# CF=T5 Bent?



## flandjm (Dec 28, 2006)

I thought that I read somewhere that Compact Fluorescents were the same bulb as T5s, just bent to fit in a tighter space. CF are less efficient than T5 because of the restrike caused by the u shap. 

Am I mistaken?

Do you know where I can find more info on this? I tried google and searching this website with no real help. Thank You!

Jennie


----------



## BryceM (Nov 6, 2005)

That assumption is correct. CF's are a bit less efficient than T-5's becasue they're bent, but the actual difference in efficiency isn't that big of a deal.

If you're looking for more info, do a search at the "other" forum (Planted Tank) and look for posts by Rex Grigg. He's posted quite a bit about them.


----------



## flandjm (Dec 28, 2006)

*Thank You!*

I find just when I think I start to think I know what I am talking about, someone (or something) rocks the boat.


----------



## hoppycalif (Apr 7, 2005)

flandjm said:


> I find just when I think I start to think I know what I am talking about, someone (or something) rocks the boat.

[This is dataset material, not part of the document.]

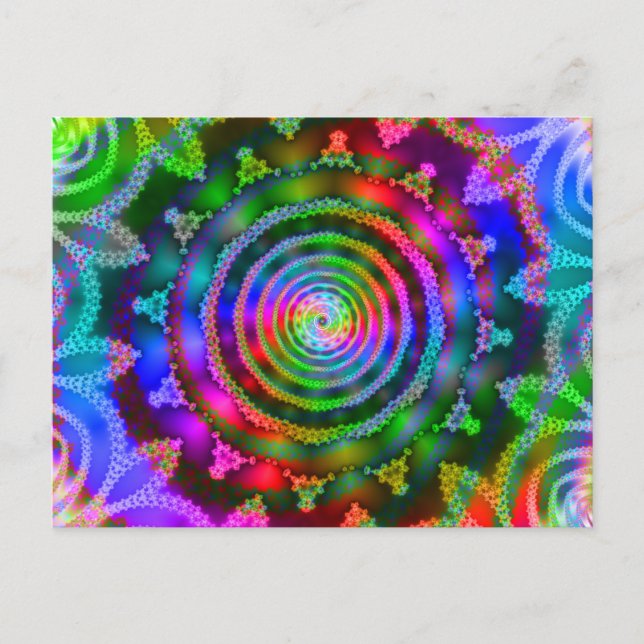 Carte Postale Kaleidoscope Lumineux (Devant)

Welcome to the club! We have many members in that club, sharing that same experience.


----------



## ruki (Jul 4, 2006)

flandjm said:


> I thought that I read somewhere that Compact Fluorescents were the same bulb as T5s, just bent to fit in a tighter space. CF are less efficient than T5 because of the restrike caused by the u shap.
> 
> Am I mistaken?


There is a bit more to it than that.

Compact fluorescent and T5s seem to be approximately the same diameter, but after that there are some significant differences.

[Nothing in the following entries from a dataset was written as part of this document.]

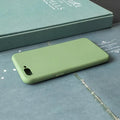 Frosted matte soft shell iPhone case in multiple colours, shown on an iPhone.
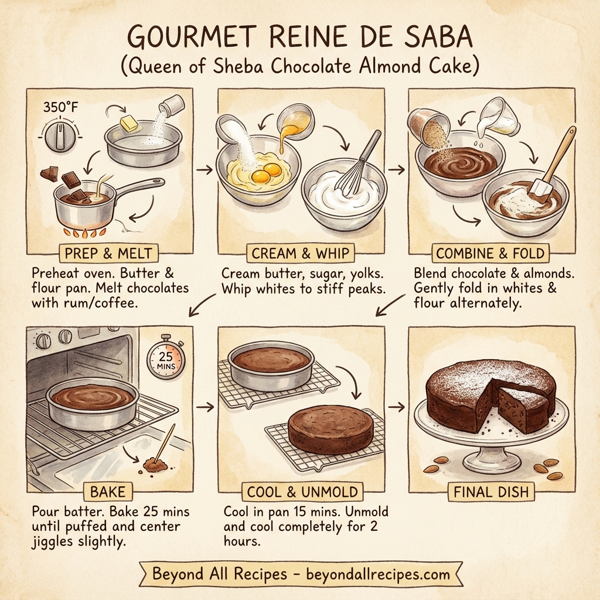 Gourmet Reine De Saba - Queen of Sheba Chocolate Almond Cake instructions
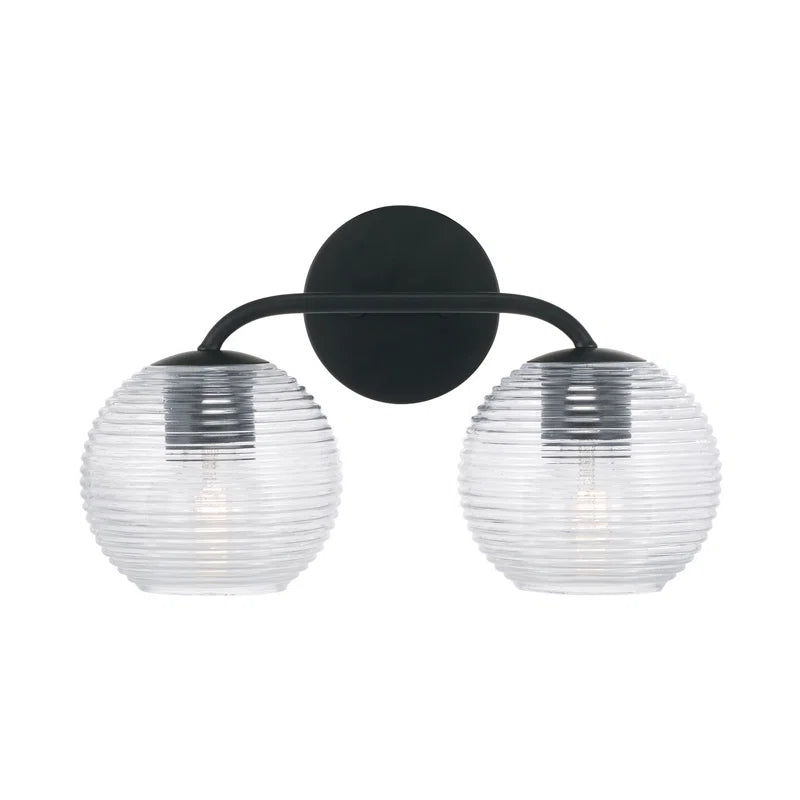 Vanity Light - Kryspin 2-light Matte Black - WF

CF are over-driven as compared to normal ouput T5 tubes. It's more like T5 HO. Normal Output T5 tubes emit up to 104 lumens per watt. The Hight Output version of T5 tubes produces up to 92 lumens per watt. CF produces 50-70 lumens per watt. I think it's more than just re-strike; T5s were designed to be energy efficient while CF was designed to be space efficient.

With T5, you know more of what you are getting. The shape, the pins and the ballast are all standard. With CF you get multiple shapes, pin connections and some have ballast limitations. It's more difficult to get information on exactly what your CF fixture and bulb are. Sometimes it's difficult to get even basic lumen information. 

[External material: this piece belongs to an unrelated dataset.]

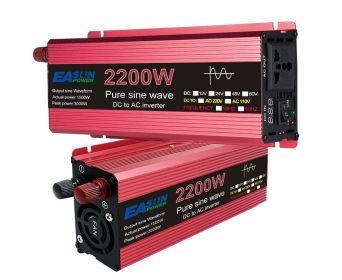 Electric On-board Power Converter (Option: Red-AU-2200w)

Because T5 is a European standard and its tubes are expensive, it's also useful to compare CF with T8s. T8 bulbs produce 60 to 93 lumens per watt.



> Do you know where I can find more info on this? I tried google and searching this website with no real help. Thank You!
> Jennie


Some links on this:
Commercial Lighting Tax Deduction
Luminous efficacy - Wikipedia, the free encyclopedia
ENERGY STAR


----------



## gf225 (Mar 26, 2005)

Great post Ruki! Thanks.


----------



## flandjm (Dec 28, 2006)

Thanks ruki for explaining it to me twice!


----------